Дальше все, что он говорил, можно было подвести под рубрику этого восклицания. Он взволнованно рассказывал, как строился и строится Физико-технический институт, как разоренная, по существу нищая, страна невероятно щедро откликается на призыв Абрама Федоровича Иоффе, дает даже валюту.

Николай Николаевич хорошо это знал: он несколько лет, продолжая заниматься наукой, был вроде заместителя директора по хозяйственной части института, с невероятной энергией и весьма удачно доставал откуда только мог приборы, оборудование, всяческие материалы — от электрокабеля до царской мебели из Зимнего дворца.

В те годы отношение ученых к новой власти колебалось от полного приятия до скрытой враждебности среди меньшинства при неопределенной позиции большинства. Последнее я бы назвал настороженным выжиданием.
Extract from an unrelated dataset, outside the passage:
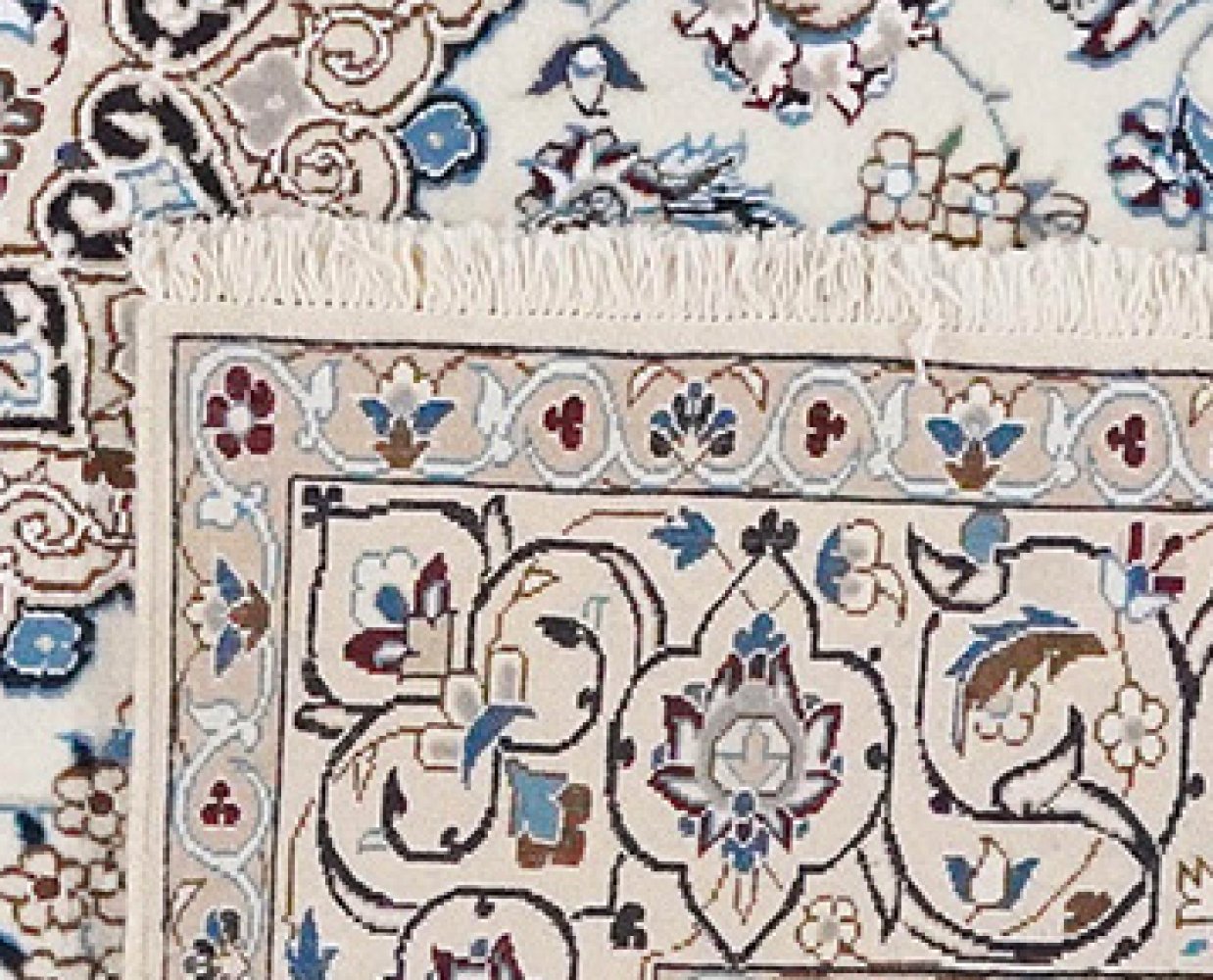 Nain 9La — Hand-knotted, 195x210 cm, Beige, 100% Virgin Wool | View 6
А Николай Николаевич? Преодолев несколько жизненных барьеров, он еще молодым человеком решительно и бесповоротно перешел на сторону Советской власти, шел по этому пути без колебаний, что вполне логично привело его в партию. Все это несмотря на то, что семья, офицерская среда (во время войны с Германией его как студента мобилизовали в военное училище), казалось, могли бы привести в ряды противоборствующих.